*** PROVIDED DATA

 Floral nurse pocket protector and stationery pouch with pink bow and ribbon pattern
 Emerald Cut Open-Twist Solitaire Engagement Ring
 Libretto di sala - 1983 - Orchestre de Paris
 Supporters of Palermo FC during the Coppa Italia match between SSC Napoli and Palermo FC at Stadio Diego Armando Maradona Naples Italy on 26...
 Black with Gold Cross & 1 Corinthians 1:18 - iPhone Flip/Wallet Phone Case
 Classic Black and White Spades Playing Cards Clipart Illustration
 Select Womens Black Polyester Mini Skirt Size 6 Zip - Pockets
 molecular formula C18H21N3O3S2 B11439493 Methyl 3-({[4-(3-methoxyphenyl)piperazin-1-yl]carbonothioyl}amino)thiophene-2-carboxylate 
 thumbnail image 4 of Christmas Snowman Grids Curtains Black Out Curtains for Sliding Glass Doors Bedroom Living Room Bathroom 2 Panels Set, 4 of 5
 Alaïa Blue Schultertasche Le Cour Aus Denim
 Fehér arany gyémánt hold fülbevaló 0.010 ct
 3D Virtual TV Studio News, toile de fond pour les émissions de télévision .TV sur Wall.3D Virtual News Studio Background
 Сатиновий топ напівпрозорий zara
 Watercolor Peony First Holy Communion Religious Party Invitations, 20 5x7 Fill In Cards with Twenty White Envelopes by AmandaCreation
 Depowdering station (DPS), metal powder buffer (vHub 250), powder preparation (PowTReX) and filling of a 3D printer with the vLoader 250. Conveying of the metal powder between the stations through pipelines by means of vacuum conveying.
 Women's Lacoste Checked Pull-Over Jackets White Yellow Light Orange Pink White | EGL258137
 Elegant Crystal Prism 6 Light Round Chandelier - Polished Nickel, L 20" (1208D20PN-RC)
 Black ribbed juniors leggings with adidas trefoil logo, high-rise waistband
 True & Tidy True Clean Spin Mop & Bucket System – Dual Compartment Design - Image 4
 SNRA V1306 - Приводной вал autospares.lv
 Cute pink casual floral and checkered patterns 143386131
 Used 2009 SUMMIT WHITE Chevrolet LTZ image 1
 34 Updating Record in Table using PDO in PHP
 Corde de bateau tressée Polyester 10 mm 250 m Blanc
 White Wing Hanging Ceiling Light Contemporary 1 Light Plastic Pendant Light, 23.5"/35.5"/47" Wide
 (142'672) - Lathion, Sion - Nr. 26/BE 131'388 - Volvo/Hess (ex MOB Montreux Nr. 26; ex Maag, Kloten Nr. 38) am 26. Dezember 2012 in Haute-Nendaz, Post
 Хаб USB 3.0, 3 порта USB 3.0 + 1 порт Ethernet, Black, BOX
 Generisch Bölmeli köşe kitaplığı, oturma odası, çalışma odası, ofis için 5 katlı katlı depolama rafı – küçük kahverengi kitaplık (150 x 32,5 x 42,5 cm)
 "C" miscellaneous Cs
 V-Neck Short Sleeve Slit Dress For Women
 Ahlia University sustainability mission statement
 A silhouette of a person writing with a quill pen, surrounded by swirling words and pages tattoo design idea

******

**EXERCISE AIM**
Reproduce each line of the records in which the string "Black" appears.

**SOLUTION**
 Black with Gold Cross & 1 Corinthians 1:18 - iPhone Flip/Wallet Phone Case
 Classic Black and White Spades Playing Cards Clipart Illustration
 Select Womens Black Polyester Mini Skirt Size 6 Zip - Pockets
 thumbnail image 4 of Christmas Snowman Grids Curtains Black Out Curtains for Sliding Glass Doors Bedroom Living Room Bathroom 2 Panels Set, 4 of 5
 Black ribbed juniors leggings with adidas trefoil logo, high-rise waistband
 Хаб USB 3.0, 3 порта USB 3.0 + 1 порт Ethernet, Black, BOX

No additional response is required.